4. A solar-powered strobe warning device for highways according to claim 2, characterized in that: The sensor acquisition device further includes a tilt sensor, a temperature and humidity sensor, a light intensity sensor, and a vibration sensor electrically connected to the input terminal of the controller. The preset control logic circuit further includes a fourth comparison circuit, a fifth comparison circuit, a sixth comparison circuit, and a seventh comparison circuit electrically connected to the tilt sensor, the temperature and humidity sensor, the light intensity sensor, and the vibration sensor, respectively. The output terminals of the fourth comparison circuit, the fifth comparison circuit, the sixth comparison circuit, and the seventh comparison circuit are electrically connected to the input terminal of the frequency control circuit.
5. A solar-powered strobe warning device for highways according to claim 4, characterized in that: It also includes a tilt monitoring device, which includes a data processing circuit and a tilt alarm threshold circuit. The tilt sensor is electrically connected to the input terminal of the data processing circuit, the output terminal of the data processing circuit is electrically connected to the wireless communication module and the tilt alarm threshold circuit, and the output terminal of the tilt alarm threshold circuit is electrically connected to the controller.

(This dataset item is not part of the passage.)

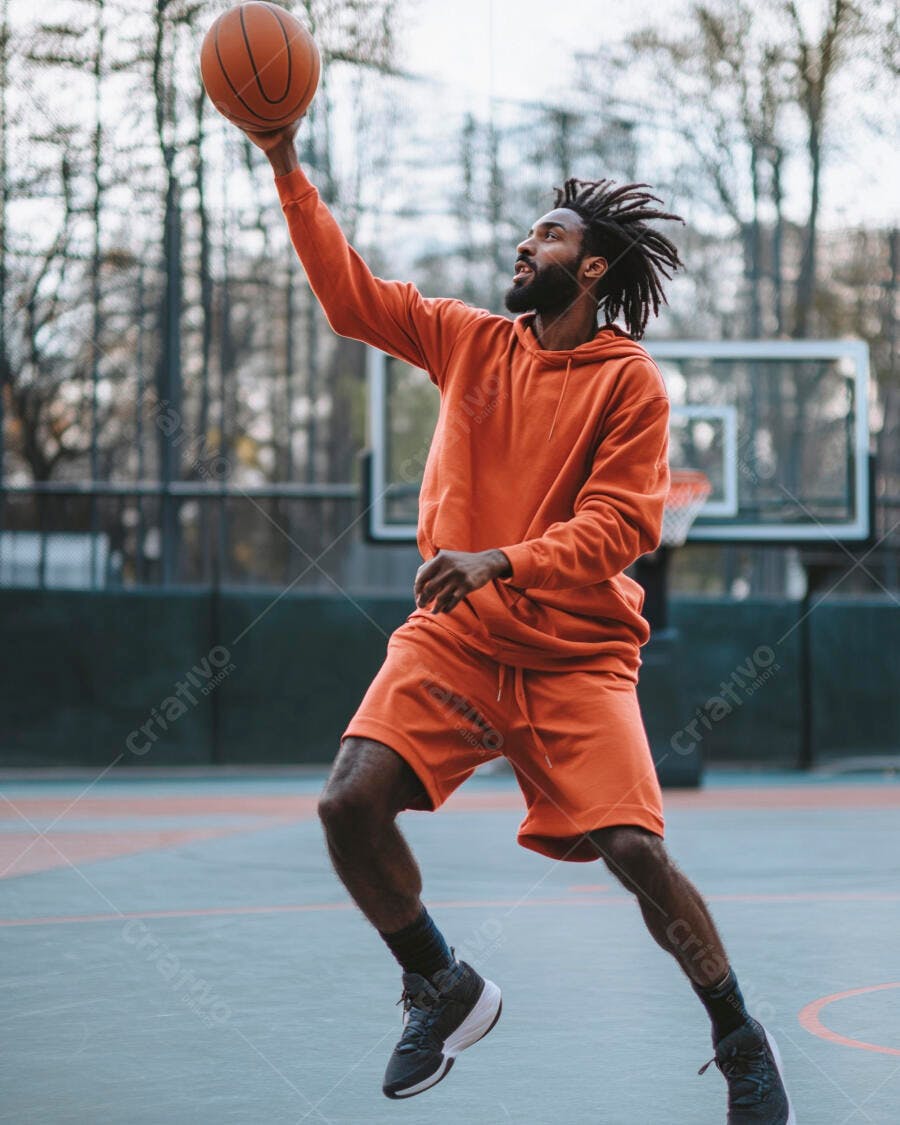 Homem negro atlético com dreads jogando basquete em quadra laranja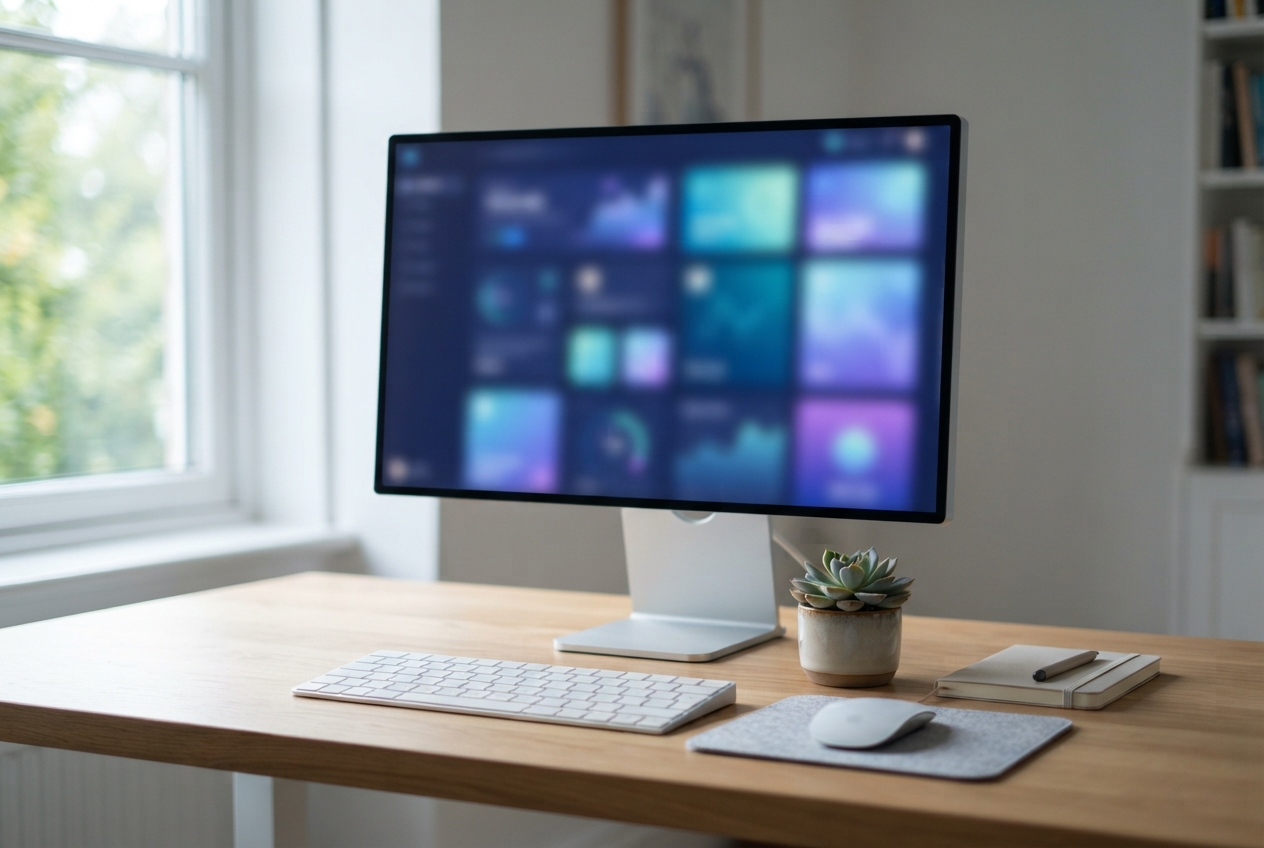 Minimalist desk with blurred colorful monitor, white keyboard and mouse, succulent, notebooks, and window.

6. A solar-powered strobe warning device for highways according to claim 1, characterized in that: The strobe warning module includes a strobe warning light group, a dot matrix display unit, and a mode control circuit. The controller is used to send a mode selection command to the mode control circuit via the SPI bus. The controller is also used to drive the mode control circuit to parse the mode selection command and generate light group control signals and dot matrix drive commands. The controller is also used to control the start / stop and flashing frequency of the strobe warning light group according to the light group control signals. The controller is also used to display preset text information on the dot matrix display unit according to the dot matrix drive commands.
7. A solar-powered strobe warning device for highways according to claim 6, characterized in that: The strobe warning module also includes a strobe warning drive circuit, and the strobe warning light group includes a red and blue strobe light group and a yellow warning light group. The red and blue strobe light group and the yellow warning light group are electrically connected to the mode control circuit through the strobe warning drive circuit.
8. A solar-powered strobe warning device for highways according to claim 6, characterized in that: The mode control circuit includes a programmable memory and a multiplexer. The programmable memory is used to store preset warning mode parameters, and the multiplexer is used to switch the output channel according to the mode selection command.
9. A solar-powered strobe warning device for highways according to claim 1, characterized in that: It also includes a voice module, which includes a voice control chip, a speaker, and a communication interface. The communication interface is electrically connected to the controller and is used to receive control signals. The voice control chip is electrically connected to the communication interface and is used to process and generate voice data. The speaker is electrically connected to the voice control chip and is used to play voice.